→ WHAT IS EXPECTED
An exact copy of the data below is needed; please leave out any pictures.

[Items listed in a dataset]
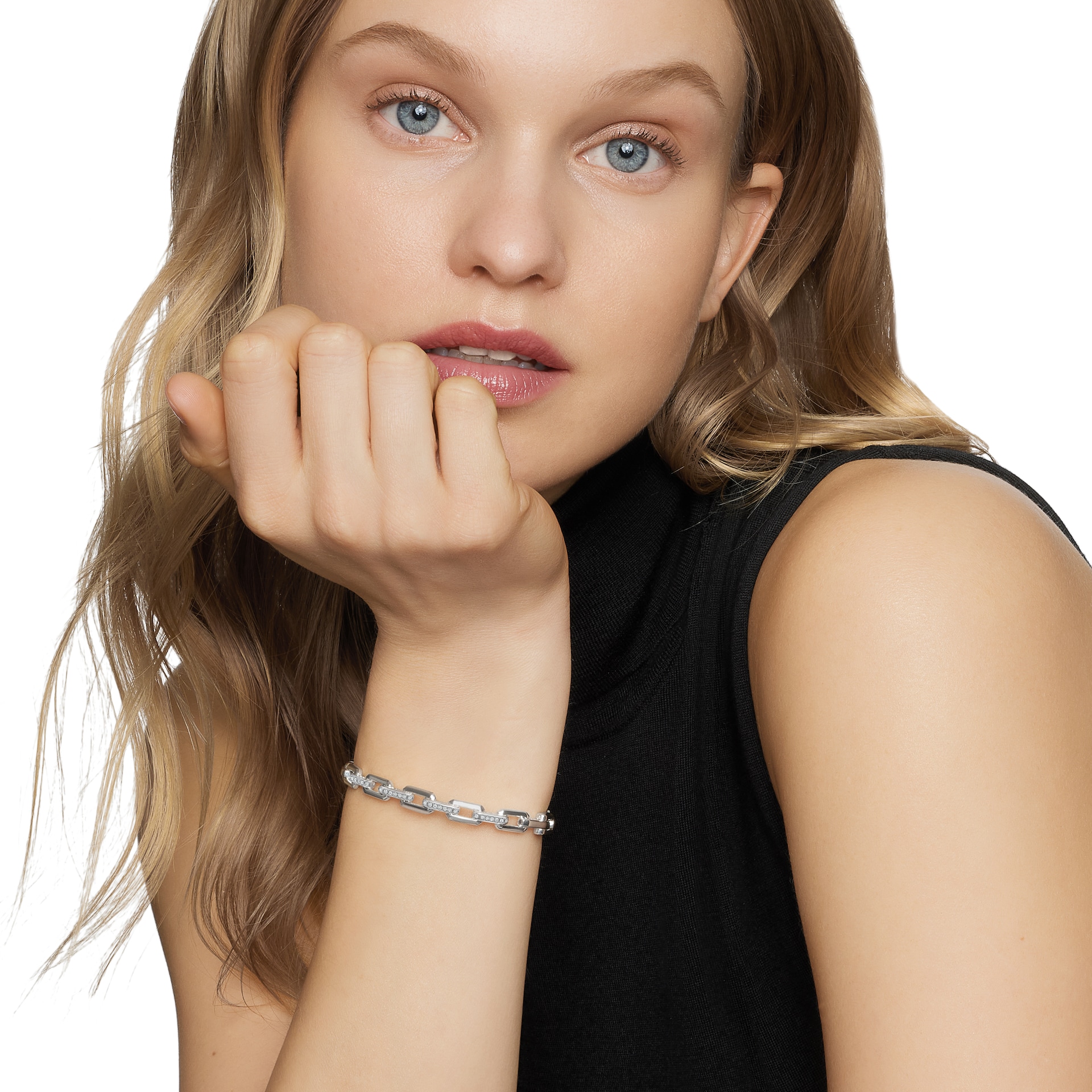 David Yurman Stax Link Bracelet in Sterling Silver with Diamonds, 6.7mm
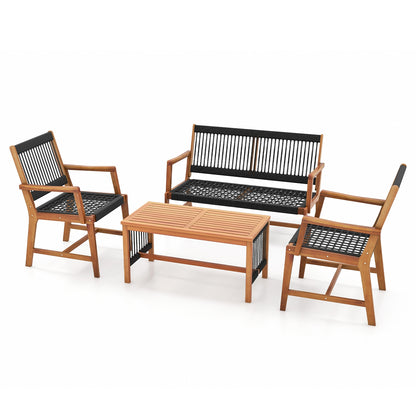 4 Pieces Acacia Wood Patio Conversation Table and Chair Set with Hand Woven Rope, Natural Patio Conversation Sets at Gallery Canada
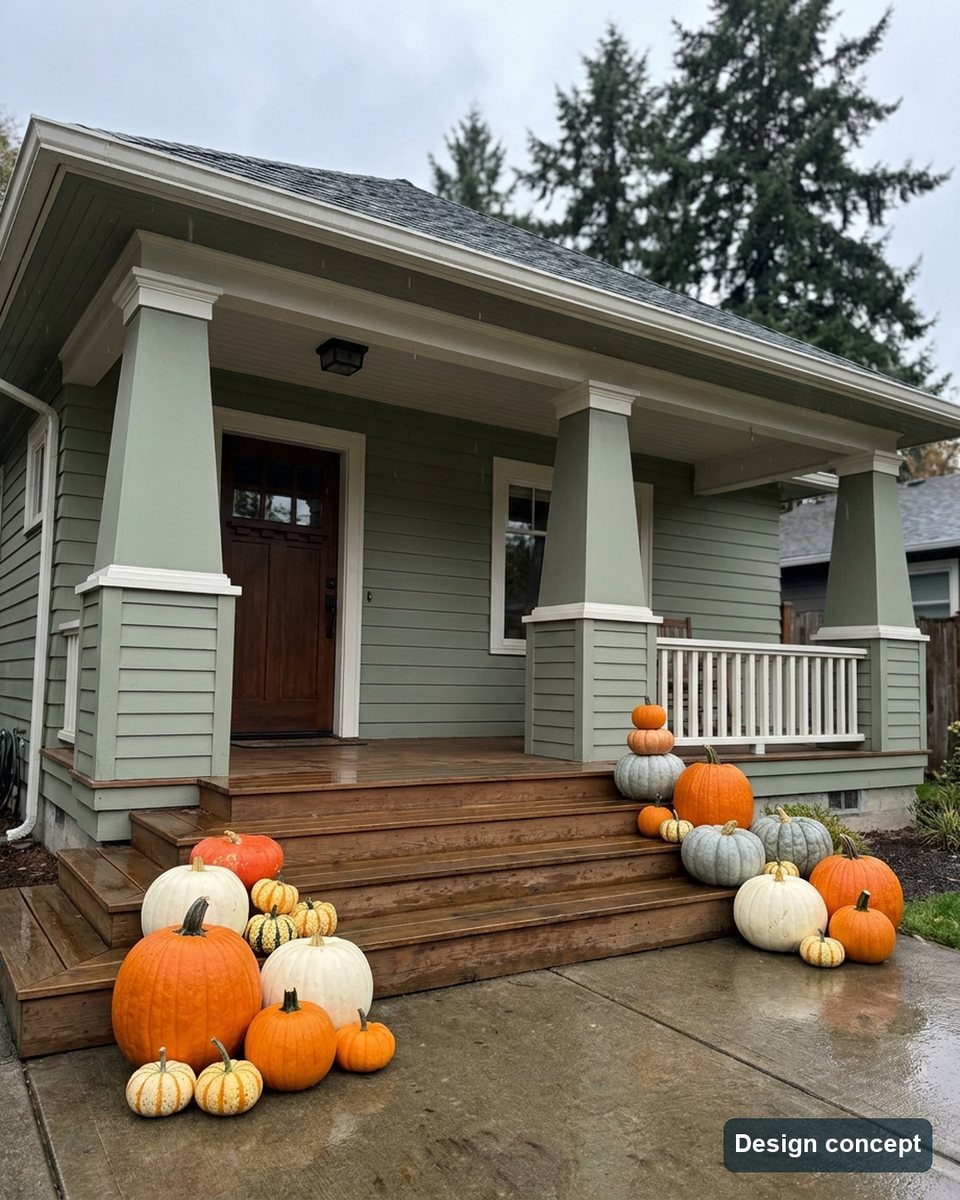 Design concept: about 18 heirloom pumpkins styled on the front steps of a sage-green Portland bungalow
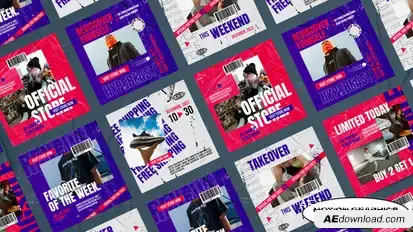 Flamboyant Fashion Streetwear Posts | Mogrt Premiere Pro template preview
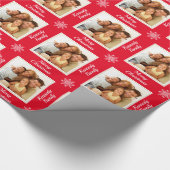 Moderne familie foto sneeuwvlok rood vrolijk kerst cadeaupapier (Hoek)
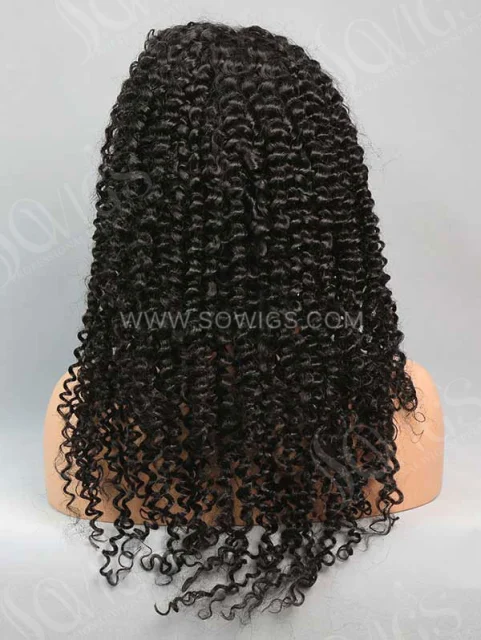 180% Density Full Lace Wigs Deep Curly Virgin Human Hair Natural Color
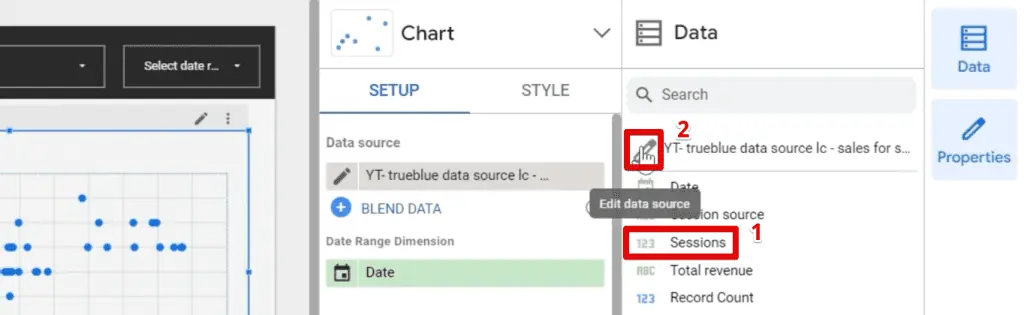 Metrics icon and editing the data source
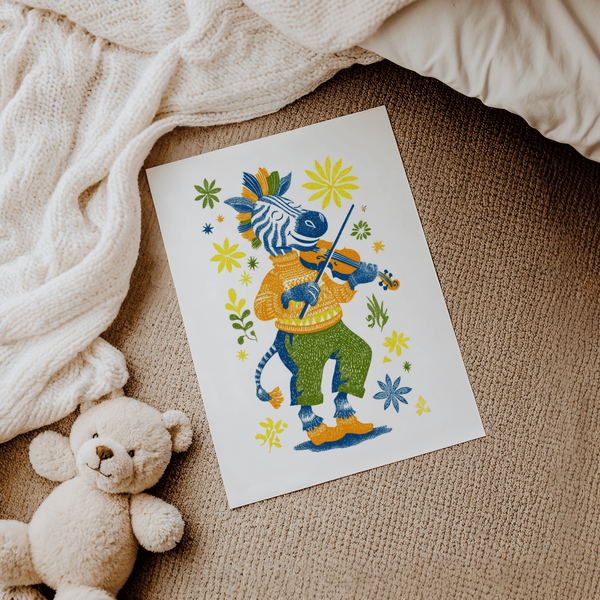 Zebra Playing Violin Poster with multicolored zebra art for classroom walls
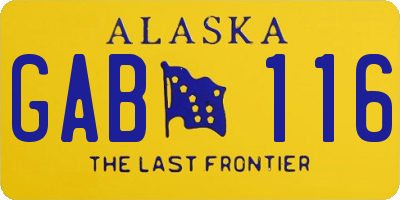 AK license plate GAB116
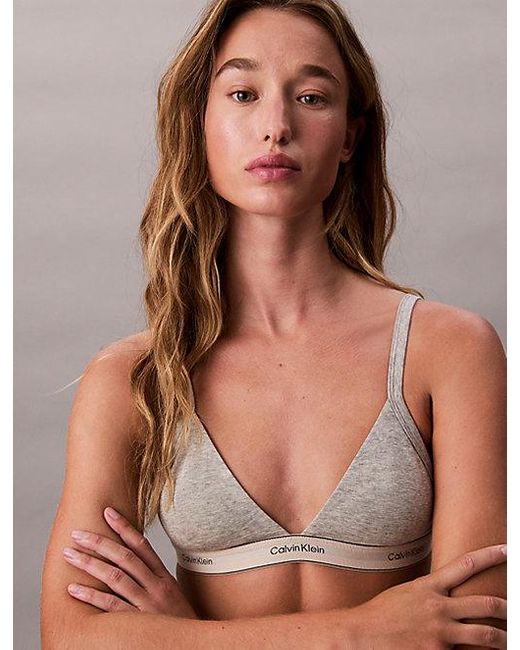Calvin Klein Multicolor Unlined Triangle Bra Heritage Cotton Stretch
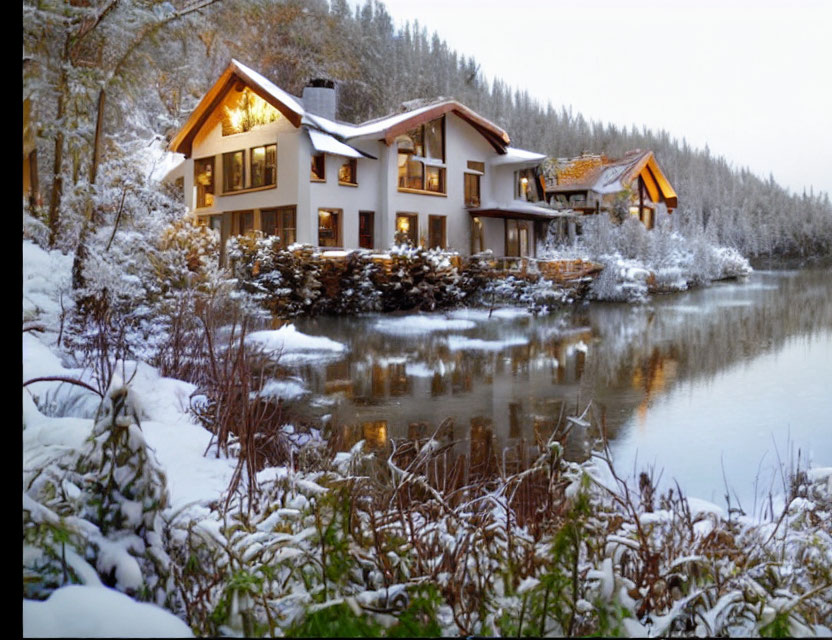 Snowy Two-Story House by Serene Lake in Frost-Covered Landscape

→ REPLY TO THE EXERCISE
 David Yurman Stax Link Bracelet in Sterling Silver with Diamonds, 6.7mm
 4 Pieces Acacia Wood Patio Conversation Table and Chair Set with Hand Woven Rope, Natural Patio Conversation Sets at Gallery Canada
 Design concept: about 18 heirloom pumpkins styled on the front steps of a sage-green Portland bungalow
 Flamboyant Fashion Streetwear Posts | Mogrt Premiere Pro template preview
 Moderne familie foto sneeuwvlok rood vrolijk kerst cadeaupapier (Hoek)
 180% Density Full Lace Wigs Deep Curly Virgin Human Hair Natural Color
 Metrics icon and editing the data source
 Zebra Playing Violin Poster with multicolored zebra art for classroom walls
 AK license plate GAB116
Calvin Klein Multicolor Unlined Triangle Bra Heritage Cotton Stretch
 Snowy Two-Story House by Serene Lake in Frost-Covered Landscape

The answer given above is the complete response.